But who cares, I wanna see a dude blast up a mountainside like a rocket ship!
[quote=lukasz]Nah you’re not convincing me. They’re racing bikes in first world countries not digging up rare minerals in some African mine. Not going to feel as bad for them as people who are actually poor. Don’t insult my intelligence brah. I can almost guarantee I do less harm than you if you want to play that game.
Edit: and it was disingenuous of you to turn me saying I don’t care about the racing as competition to saying that I don’t care if professional sports (among dozens of other institutions) exploits youthful naivete. Your ranting reminds me a bit of that scene at the end of american psycho where Bateman freaks out about third world poverty at an expensive restaurant after having murdered a dozen people. Anyone can talk the talk.[/quote]

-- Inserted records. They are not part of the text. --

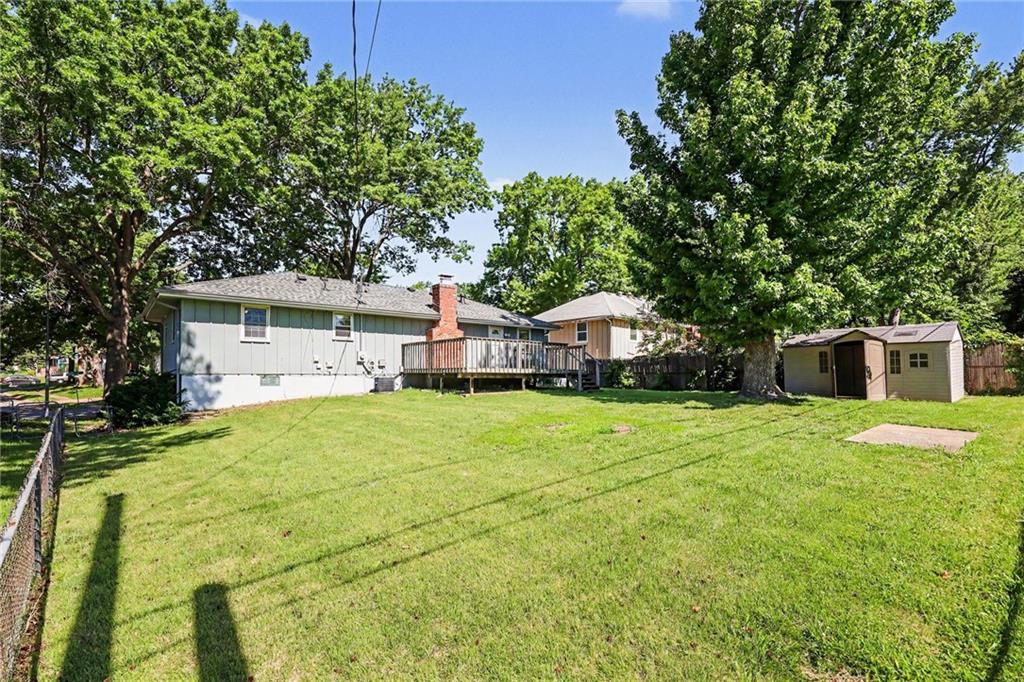 11047 Spring Valley Road Kansas City, MO 64134 - Photo 19 of 19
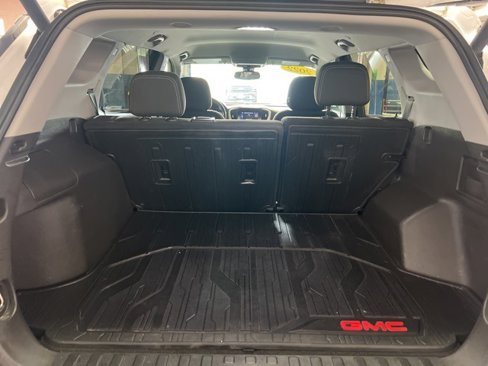Used 2022 GMC Terrain SLE image 22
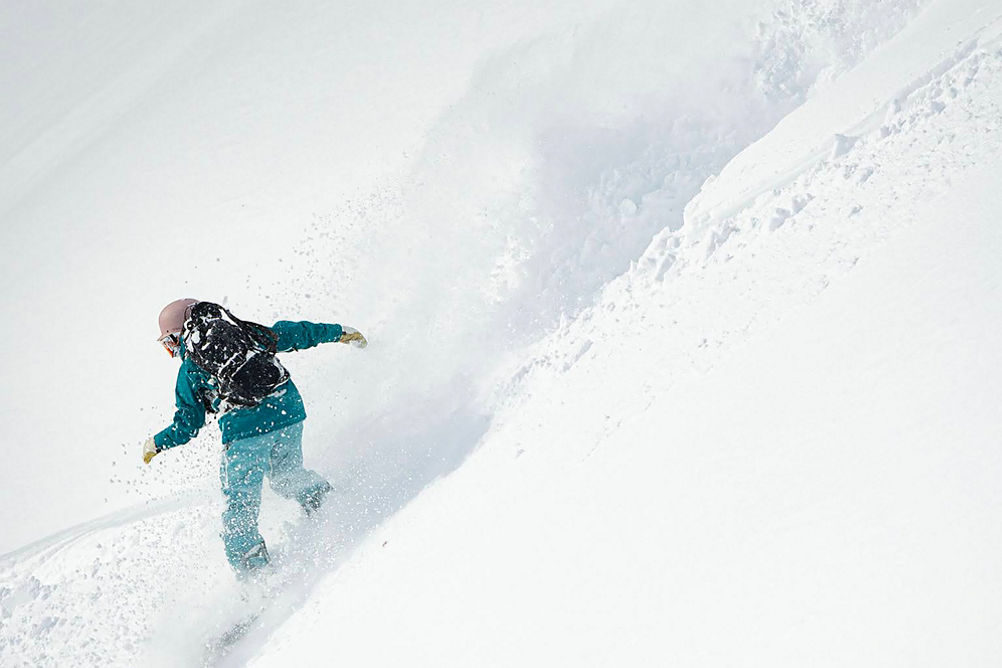 Guest Snowboarding at Hakuba Norikura Onsen Ski Resort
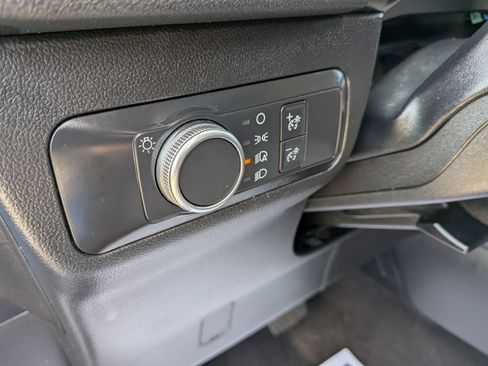 Used 2020 Ford Escape SE FWD image 41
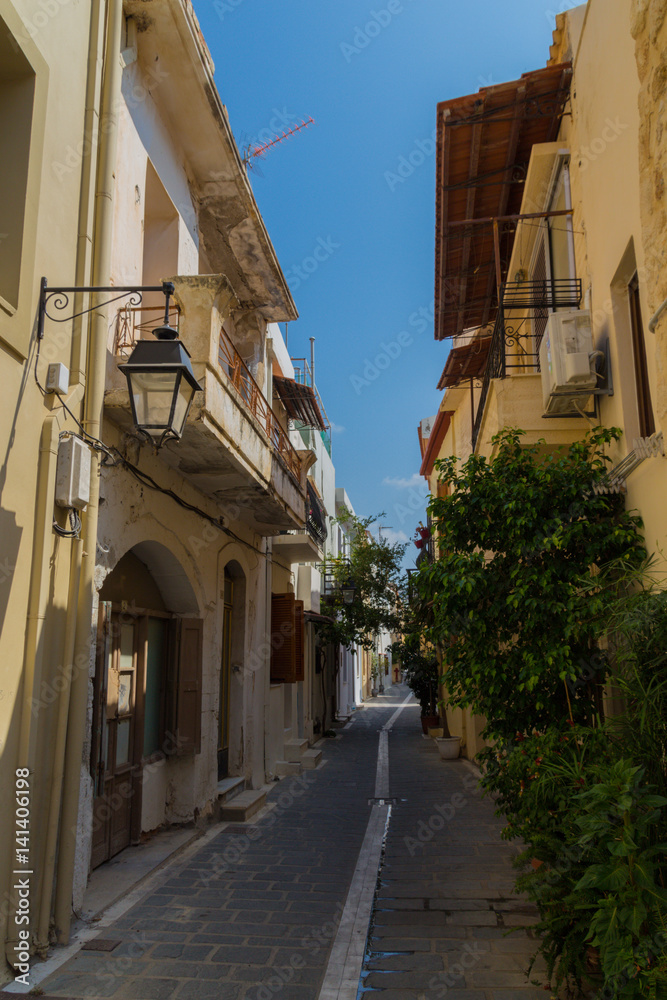 Fototapeta premium Rethymno, Greece - August 4, 2016: Narrow venetian street on old town.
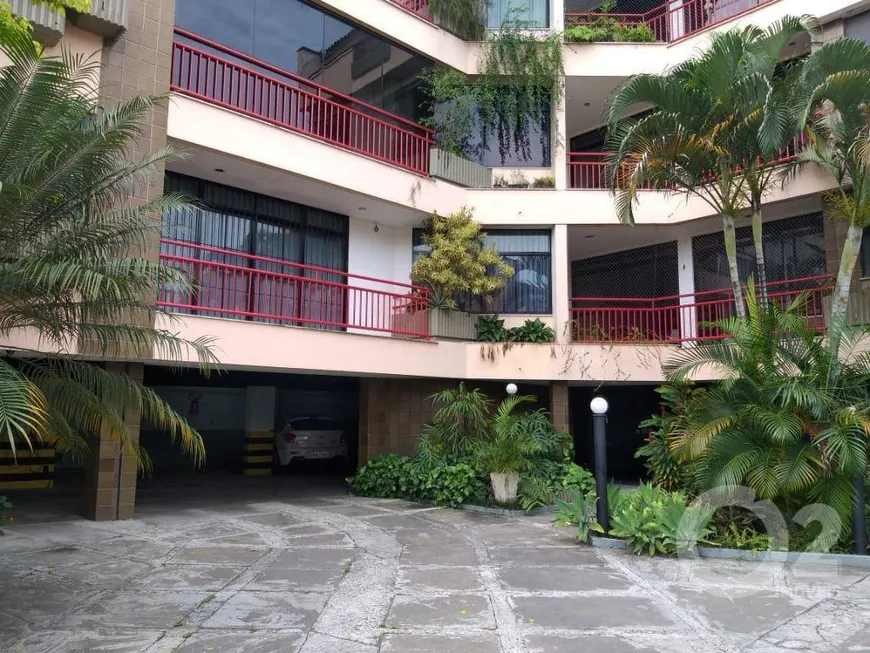 Foto 1 de Apartamento com 3 Quartos à venda, 166m² em Centro, Macaé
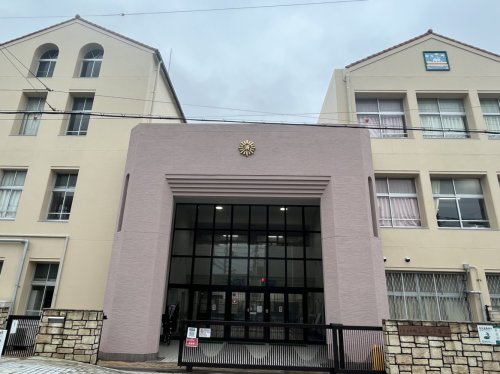 小学校　西須摩小学校（小学校）まで450m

It is possible that I’ve misconstrued the meaning of your words. If so, I really do apologize. But what we pay for to entertain ourselves, along with other aspects of our modern life, is a subject I’m fairly passionate about. Overwhelmingly so in relation to other Tarckers, so it’s too easy to let my voice get carried away, it seems.
Again, sorry if I’ve taken you out of context.
unsubscribe
Dunbar doesn’t really factor into this as much you think it does. There are plenty of things that we can care about that fall beyond the people we know and hold close. We have different priorities, care about different things to different degrees, and are susceptible to different appeals. Perhaps these analogies work for you, but I can see why they don’t for many others.
It applies in that as a species, we’ve replaced the social favor that comes from grooming with the use of language. Through the things we speak about and relate to each other, we create our interests, passions, and those things that become priorities over others. Which in turn affects how susceptible we are to different appeals. We are still a very tribalistic bunch.
If any of us had spent our life, possibly wasted, in pursuit of an impossible dream like raising ourselves out of poverty to be a star on the world stage, and gone through what many do, almost always foolishly to get there, we may have a different sense of importance regarding this issue. Especially if we came from a backgound that offered very little other opportunity. And affect our ability to suspend disbelief in the face of a sham.
Mine has come through probably reading way too much about the history of this sport and many others.
tldr
fuck me, you’re an anteater?
as someone who played football and also raced bikes
the nfl analogy is terrible. please stop using it.
Anyone have a gif of the lead group skidding under the truck?